This discussion has been locked.
You can no longer post new replies to this discussion. If you have a question you can start a new discussion

Measuring Cortex-M4 instruction clock cycle counts

I'm trying to find a reliable method for measuring instruction clock cycles on the STM32F429 MCU that incorporates a Cortex-M4 processor. Part of the challenge is that although the core CPU has no cache, ST added their own proprietary ART Accelerator between the flash memory and the CPU. It provides an instruction cache of 1024 bytes and an instruction prefetch that allow the CPU to run at 180 MHz with 0 wait states, even though there is a 5 clock wait state to reload a cache line from flash.

My main program is written in C. It calls an assembly language function that contains the code I'm trying to time. I'm using the DWT cycle counter that is driven directly by the CPU clock. To eliminate the effect of the cache, I'm using the following approach that repeats the execution until the cycle count is stable.
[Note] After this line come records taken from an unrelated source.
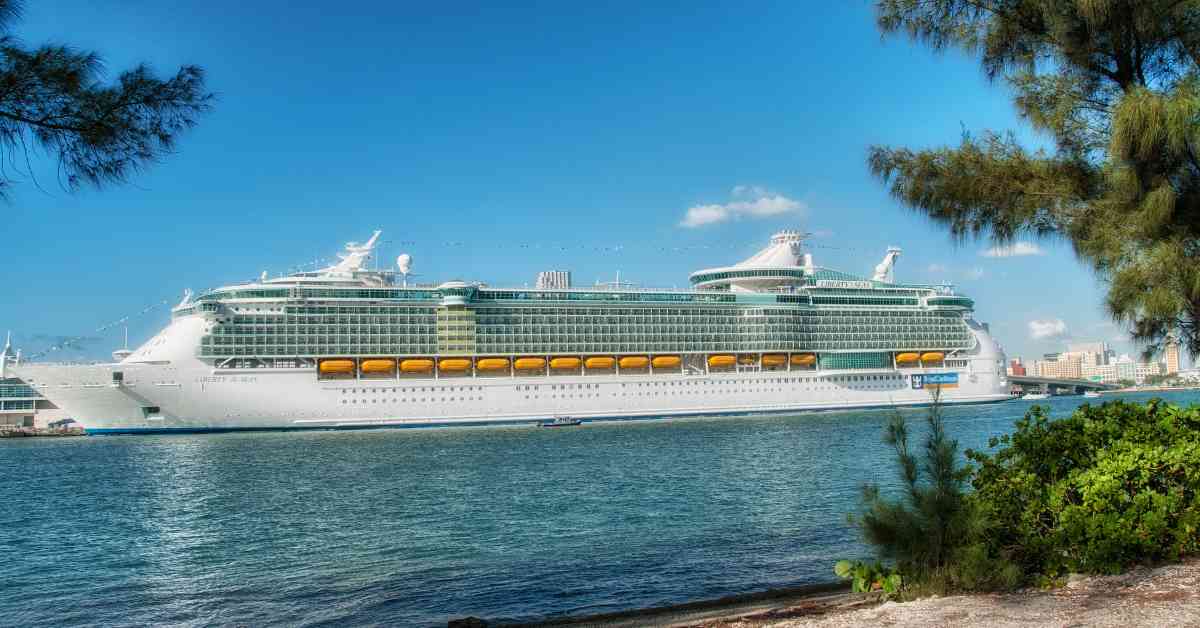 MarineInsight's tweet photo. Royal Caribbean Extends Collaboration To Capture Ocean Conservation Data Onboard Ships
...Check Out this article 👉https://t.co/nkdcQ3TJKD
#RoyalCaribbean #OceanScope #Shipping #Maritime #MarineInsight #Merchantnavy #Merchantmarine #MerchantnavyShips https://t.co/raMOnCmAUr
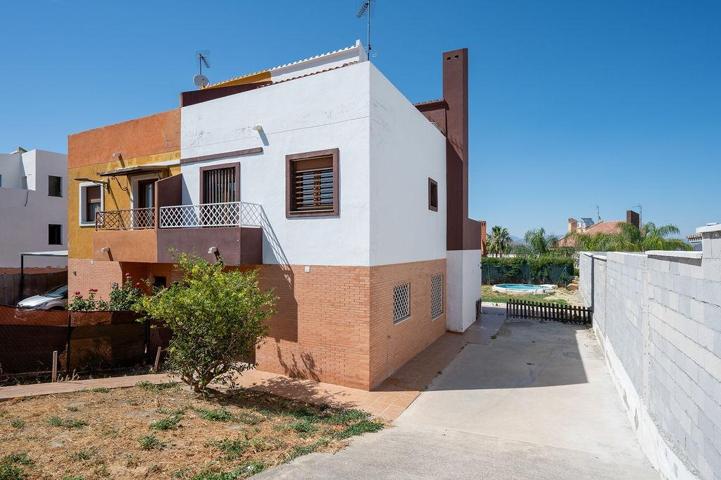 CHALET ADOSADO EN ALHAURIN EL GRANDE photo 0
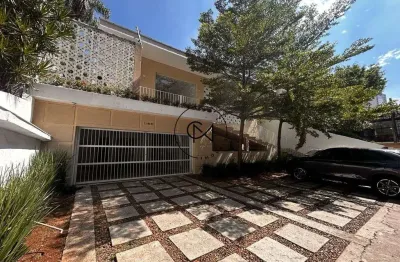 Casa comercial -12 salas - elevador e 8 vagas - coração do pacaembu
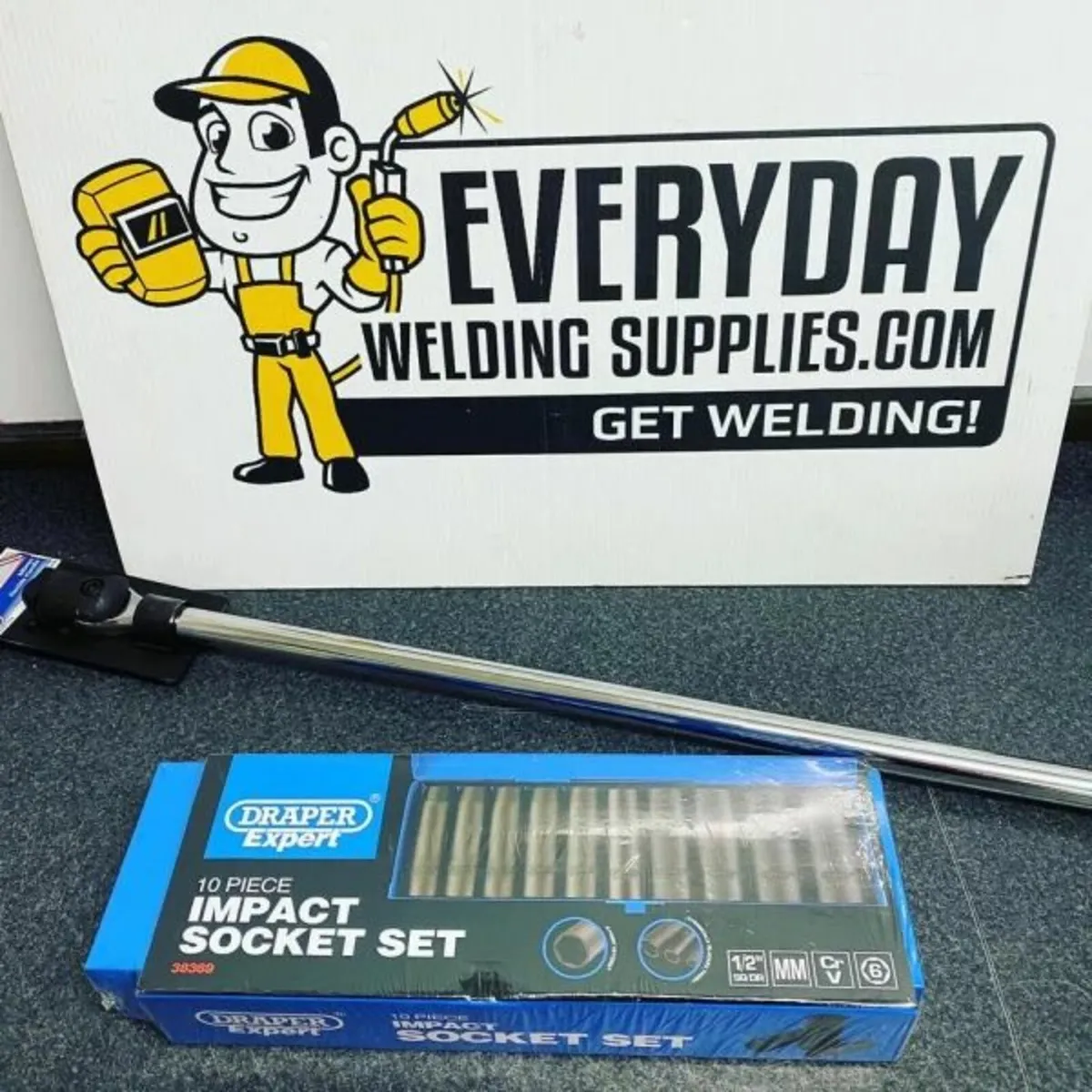 Draper 10 Piece Deep Impact Socket Set + Breaker - Image 2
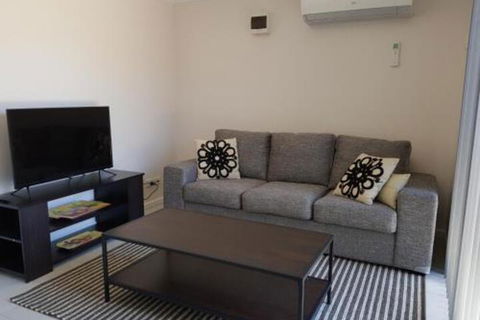 Excellent St. Granny Flat - Airlie Beach Holiday 4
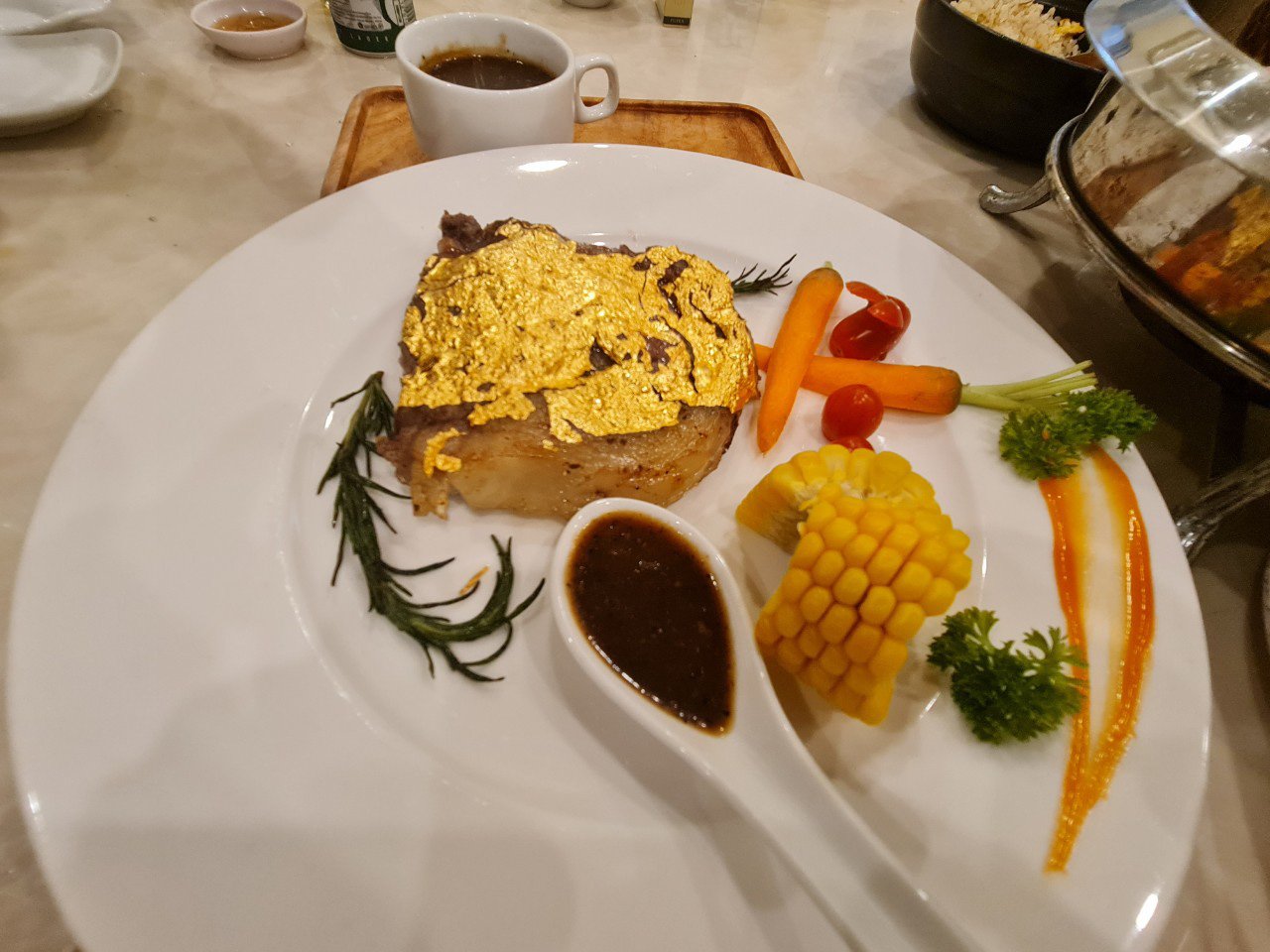 Quảng Nam: "Chói mắt" với Nhà hàng đầu tiên ở Tam Kỳ trước món thịt bò dát vàng - Ảnh 2. Quảng Nam: "Chói mắt" với Nhà hàng đầu tiên ở Tam Kỳ trước món thịt bò dát vàng - Ảnh 2.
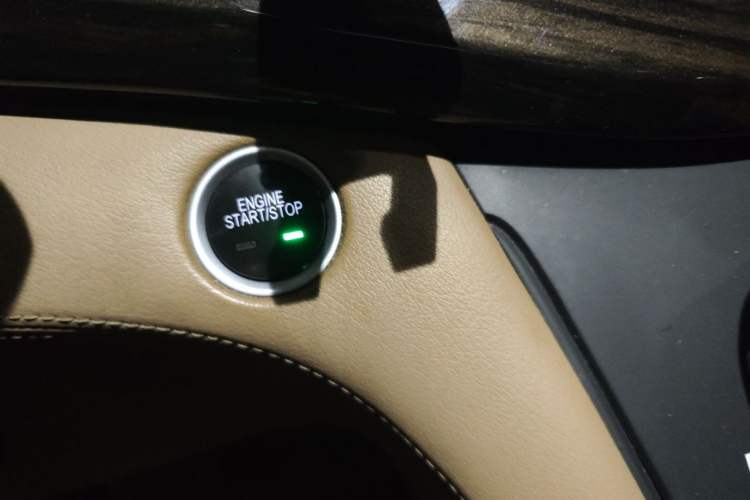 Used Buick GL8 2018 ES 28T Premium Model China VI Standard Vehicle Key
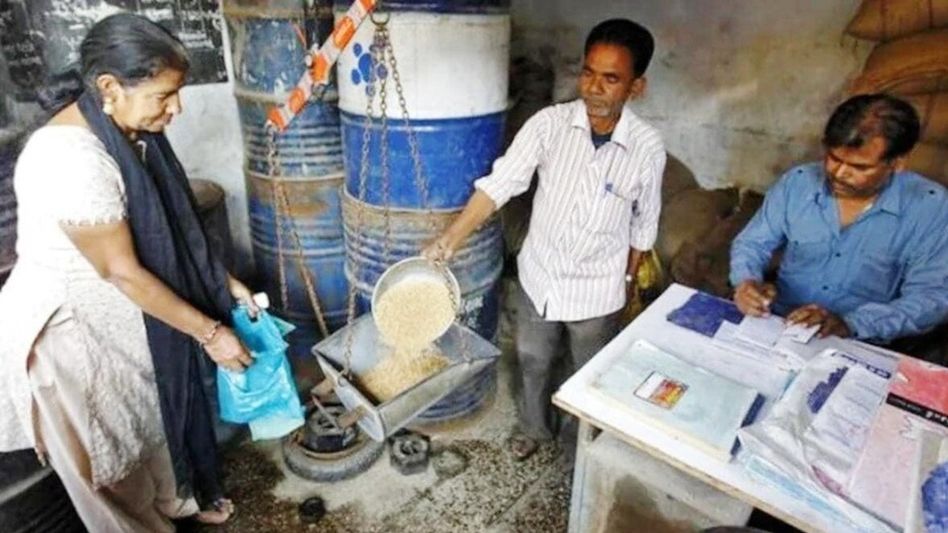 এপ্রিল থেকে ১২ লক্ষ রেশন গ্রাহকের খাদ্য সরবরাহ বন্ধের আশঙ্কা, কেন? এপ্রিল থেকে ১২ লক্ষ রেশন গ্রাহকের খাদ্য সরবরাহ বন্ধের আশঙ্কা, কেন?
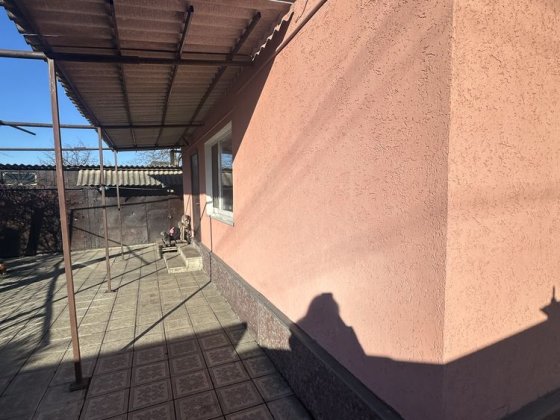 Продам будинок в центрі міста Лозова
I do this twice - (1) to account for the overhead cycles required to read the DWT counter and for the cycles required to simply call and return from a function containing only a BX LR, and (2) to measure the cycle count of the code within TargetFunction (not counting the BL or BX LR instructions that do the call and return).

// Measure overhead cycles
overhead = 0 ;
do
    {  
    save = overhead ;
    start = ReadDWTCounter() ; 
    DummyFunction() ; // <------ This function contains nothing but a BX LR instruction
    stop = ReadDWTCounter() ;
    overhead = stop - start ;
    } while (overhead != save) ;

// Measure function cycles
difference = 0 ;
do
    {
    save = difference ;
    start = ReadDWTCounter() ;
    TargetFunction() ; // <--------- This is the function containing the code I want to measure
    stop = ReadDWTCounter() ;
    difference = stop - start ;
    } while (difference != save) ;

// Remove overhead cycles
cycles = difference - overhead ;

As expected, the loops each run for only two iterations, where the first iteration loads the code into cache and the second executes from cache with zero wait states. This seems to give very good and repeatable results, except that the final value of cycles is one greater than I would expect.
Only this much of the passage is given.